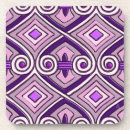 Recherche de islamique dessous de verres Perse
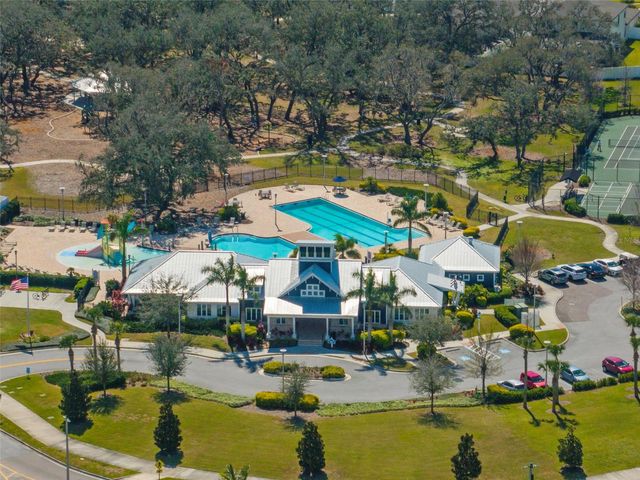 13322 WILDFLOWER MEADOW DRIVE, Riverview, FL 33579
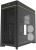 Корпус Montech HS01 (черный)  купить в интернет-магазине X-core.by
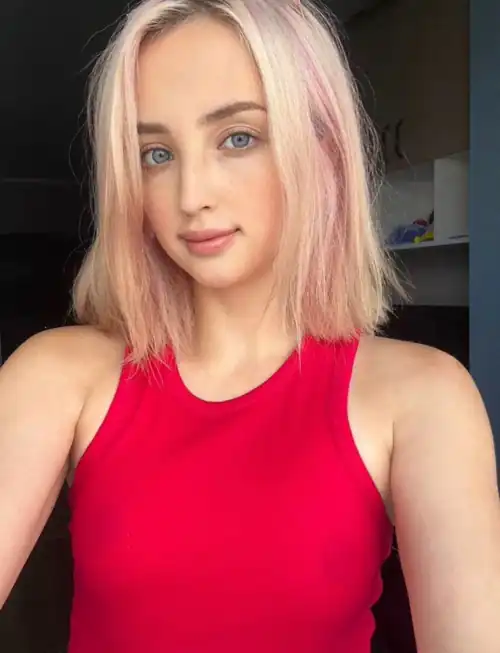 Would you take me out?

> _WHAT THE TASK REQUIRES_: Working from the line that contains "13322 WILDFLOWER MEADOW" to the last line of the listing, please quote each line exactly, pictures excluded.

> _WRITTEN SOLUTION_:
 13322 WILDFLOWER MEADOW DRIVE, Riverview, FL 33579
 Корпус Montech HS01 (черный)  купить в интернет-магазине X-core.by
 Would you take me out?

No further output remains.